Last week I talked with Pinterest’s first-ever chief sustainability officer, LeMia Jenkins Thompson, who was appointed to the role in January this year, shortly before the image-sharing and mood board-making social media site released its inaugural ESG report.
Why did Pinterest wait until now to start mainstreaming a sustainability strategy?
“Well, it's the culmination of all the work that we've been doing up until this point,” Thompson says. “As we think about ESG and how important that is to not only our company but our planet as well, having a senior leader oversee those teams really helps us to bring the company along and double down on those efforts.”
Pinterest, as you might imagine, doesn’t have a particularly large carbon footprint to worry about. Not, at least, when compared to any company engaged in mining, fossil fuels, shipping, or anything with a physical output.
Pinterest’s Scope 1 and 2 emissions come primarily from the electricity generated to keep the lights on in its offices. The company has committed to sourcing that electricity from 100% renewable sources, or purchasing an equivalent in offset credits, by the end of this year.
Like most internet companies, Pinterest’s largest source of greenhouse gas emissions come from the electricity used to power its servers. Pinterest counts those as Scope 3 emissions, which reside a little out of the company’s own sphere of influence. Fortunately for Pinterest, Amazon Web Services, the company’s cloud computing provider, has committed to powering its operations with 100% renewable energy by 2025.
So with Pinterest’s carbon emissions mostly on path to be eliminated by 2025, what else is Thompson focusing on?
“Our ESG efforts to date have had four main focus areas, which are people, product, planet, and governance,” Thompson says, noting that Pinterest is “really focused on the ‘S’ side” of ESG, which is where Thompson feels Pinterest can have the most “impact.”

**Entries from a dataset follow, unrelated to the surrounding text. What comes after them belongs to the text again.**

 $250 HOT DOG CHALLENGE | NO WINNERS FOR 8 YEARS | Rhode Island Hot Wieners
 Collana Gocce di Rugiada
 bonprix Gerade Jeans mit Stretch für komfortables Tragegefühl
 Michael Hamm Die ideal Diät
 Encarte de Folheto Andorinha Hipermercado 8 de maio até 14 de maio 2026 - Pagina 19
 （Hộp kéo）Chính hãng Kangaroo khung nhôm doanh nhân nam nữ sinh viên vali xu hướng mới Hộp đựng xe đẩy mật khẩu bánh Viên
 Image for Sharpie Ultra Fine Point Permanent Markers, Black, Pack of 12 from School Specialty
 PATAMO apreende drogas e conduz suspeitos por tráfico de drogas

That’s why Thompson isn’t just the CSO, she’s the chief public affairs officer, too. Combining those roles, Thompson says, allows Pinterest to have “a really cohesive strategy” across its efforts in public affairs, corporate giving, CSR, and social impact. Part of the job, as Thompson puts it, is figuring out which third-party organizations Pinterest should partner with to help serve the communities the company works in.
It’s wise that a company like Pinterest, with a minimal carbon footprint, has formalized its commitment to tackling all components of the ESG trilogy. As I said last week, the social aspect of ESG, while often forgotten, can have a significant material impact on a company’s performance—perhaps even more so when the environmental impact is so marginal.